Climate change is widely acknowledged as foremost among the formidable challenges facing the international community in the 21st century. It poses challenges to fundamental elements of our understanding of appropriate goals for social and economic policy, such as the connection of prosperity, growth, equity, and sustainable development.

This volume seeks to establish an agenda for research and action built on an enhanced understanding of the relationship between climate change and the key social dimensions of vulnerability, social justice and equity. The introductory chapter sets the scene by framing climate change as an issue of social justice at multiple levels, and by highlighting equity and vulnerability as the central organising themes of an agenda on the social dimensions of climate change. Chapter 2 reviews existing theories and frameworks for understanding vulnerability, drawing out implications for pro-poor climate policy. Understanding the multi-layered causal structure of vulnerability can assist in identifying entry points for pro-poor climate policy at multiple levels. Building on such analytical approaches, chapters 3 and 4 consider the implications of climate change for armed conflict, and for migration.
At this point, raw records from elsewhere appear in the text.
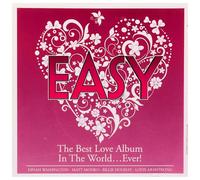Various Artists - The Best Love Album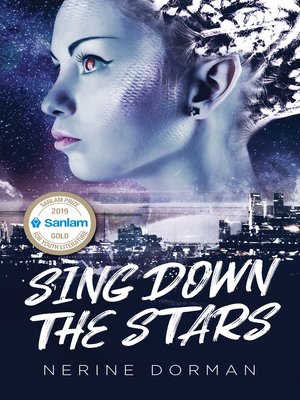 cover image of Sing Down the Stars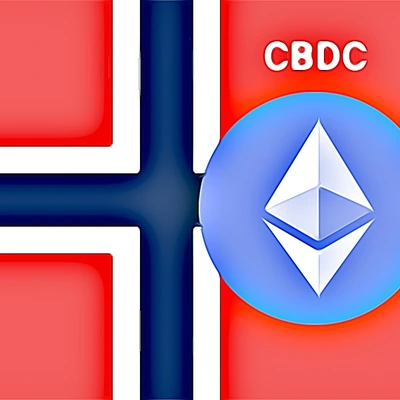 Norway's central bank builds CBDC based on Ethereum's technology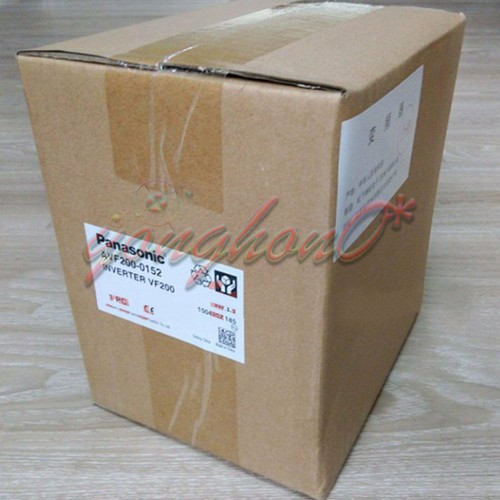 Inverter panasonic avf200 - panasonic, avf200-0152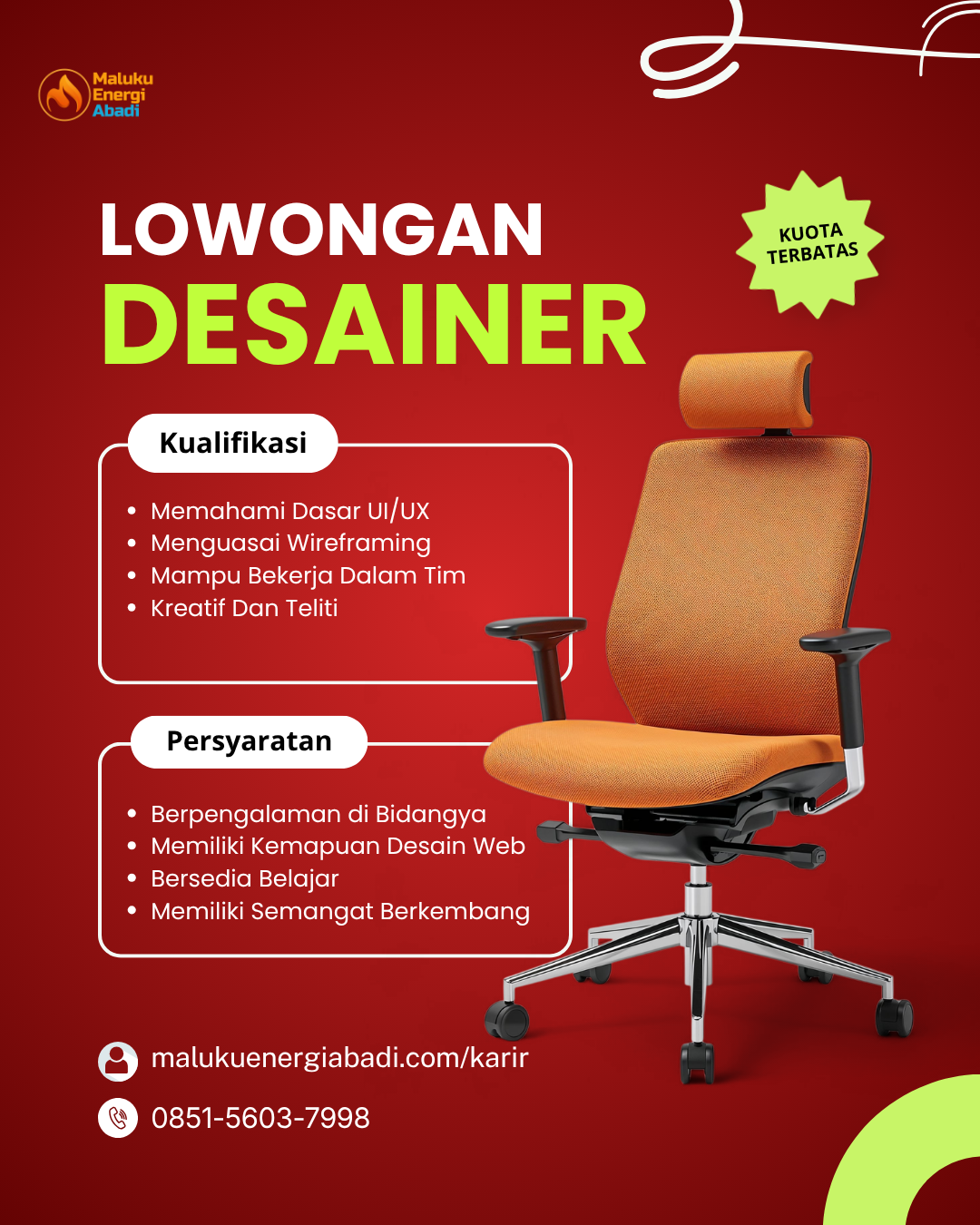 Designer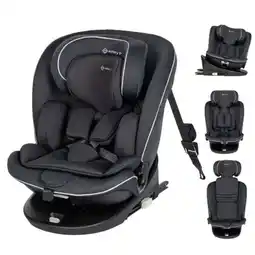 Carrefour SAFETY 1ST Siège auto Saturn de 40 à 150 cm offre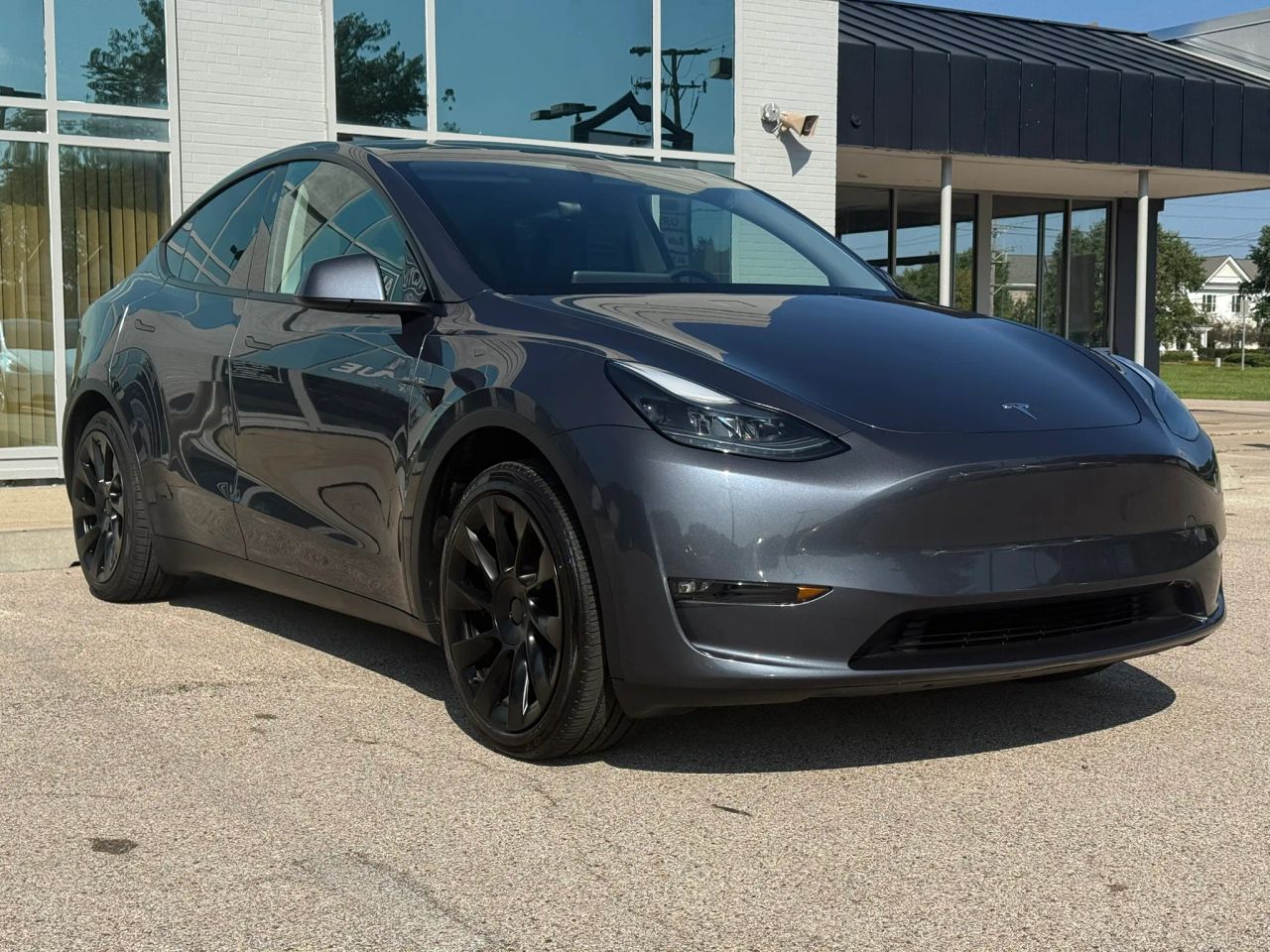 tesla model y 2023 7SAYGDED5PF945994 image tesla model y 2023 7SAYGDED5PF945994 image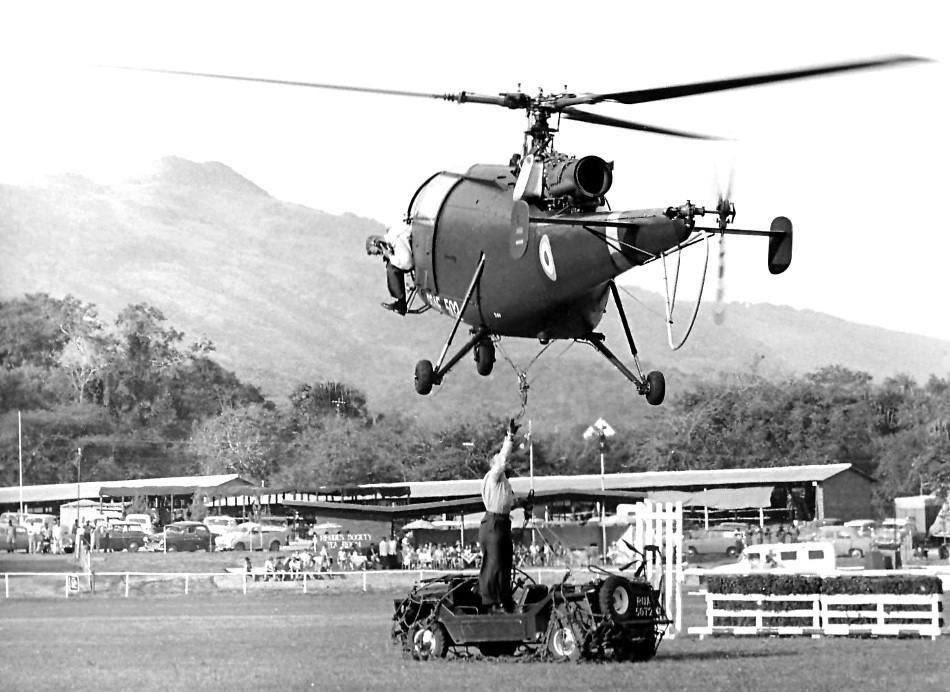 Трогателната история на Mini Moke Трогателната история на Mini Moke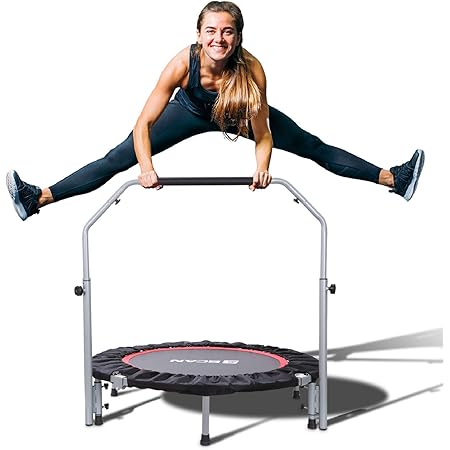 stamina exercise trampoline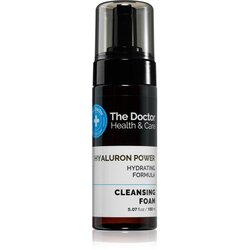 The Doctor Panthenol + Apple Vinegar Reconstruction čistilna pena z vlažilnim učinkom 150 ml Cene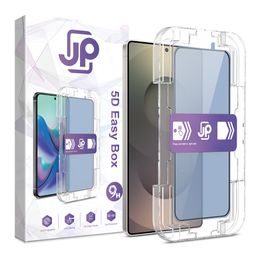 JP Easy Box 5D Tvrzené sklo, Samsung Galaxy S26 Ultra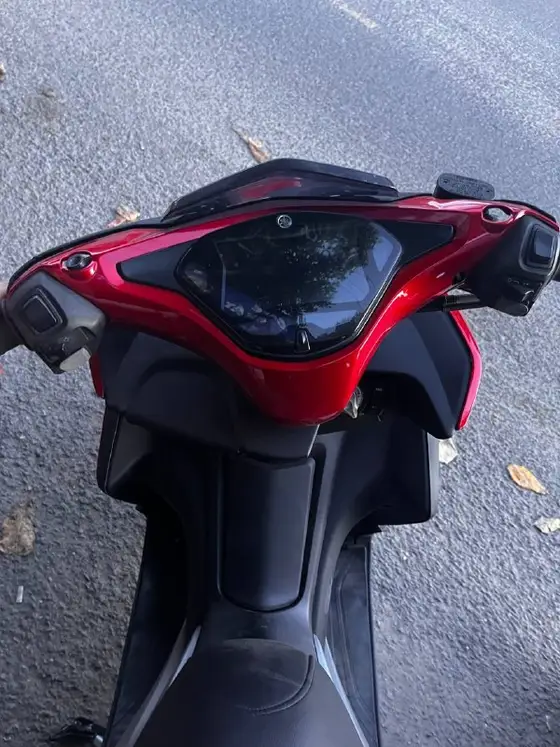 Yamaha NVX 2018 155сс, фото 3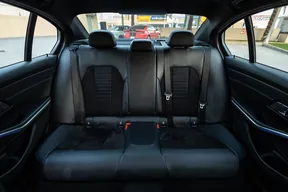 BMW 3 Series 320 2020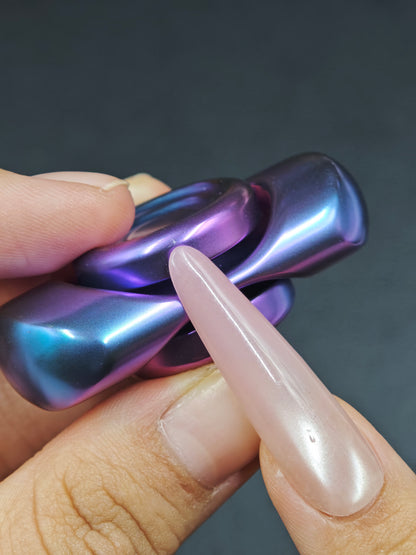 Origin Point Niobium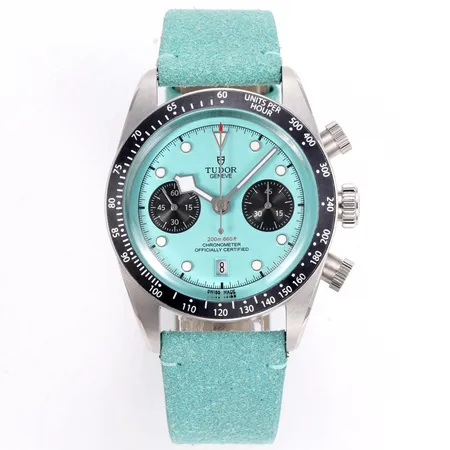 チューダー 腕時計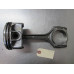 24S001 Piston and Connecting Rod Standard For 14-17 Jeep  Cherokee  3.2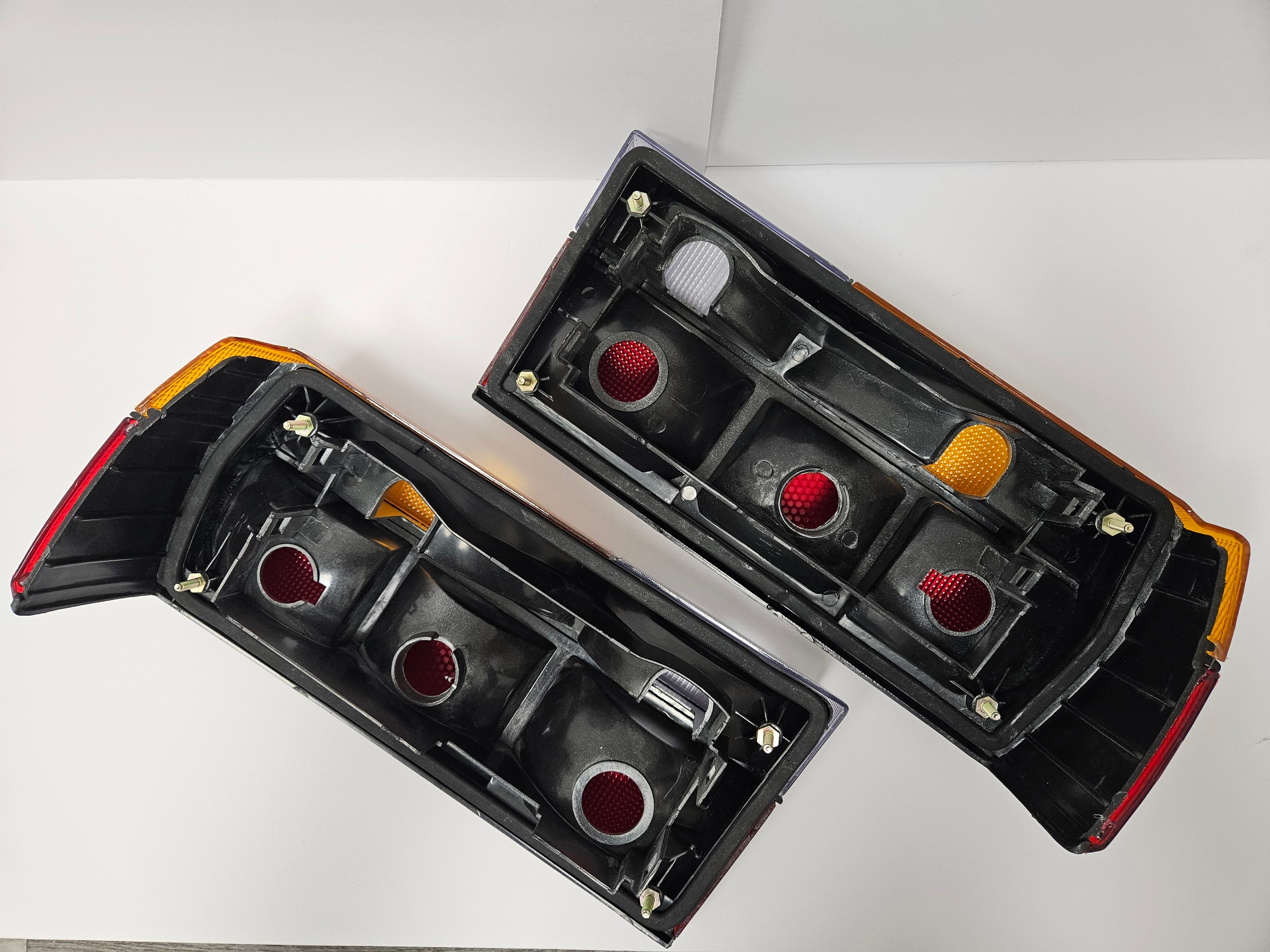 MK1 Jetta Tailights, pair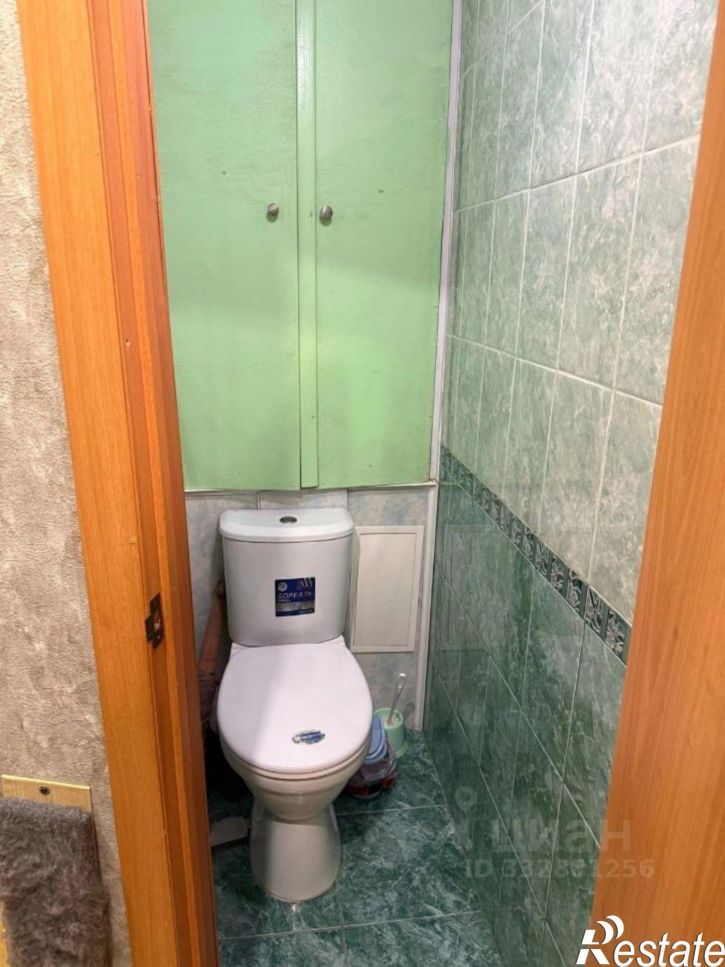1-комн квартира Иваново, проспект Текстильщиков, 42А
Those chapters are followed by a discussion of two of the most important social cleavages that characterise distinct forms of vulnerability to climate change and climate action: gender (chapter 5) and ethnicity or indigenous identity (chapter 6), in the latter case, focusing on the role of indigenous knowledge in crafting climate response measures in the Latin American and Caribbean region. Chapter 7 highlights the important mediating role of local institutions in achieving more equitable, pro-poor outcomes from efforts to support adaptation to climate change. Chapter 8 examines the implications of climate change for agrarian societies living in dry-land areas of the developing world, and chapter 9 does the same for those living in urban centres. Chapter 10 considers the role of social policy instruments in supporting pro-poor adaptation to climate change; and it argues for a focus on ‘no-regrets’ options that integrate adaptation with existing development approaches, albeit with modifications to take better account of how climate variables interact with other drivers of vulnerability. Finally, chapter 11 turns to the implications of climate policy and action for forest areas and forest people.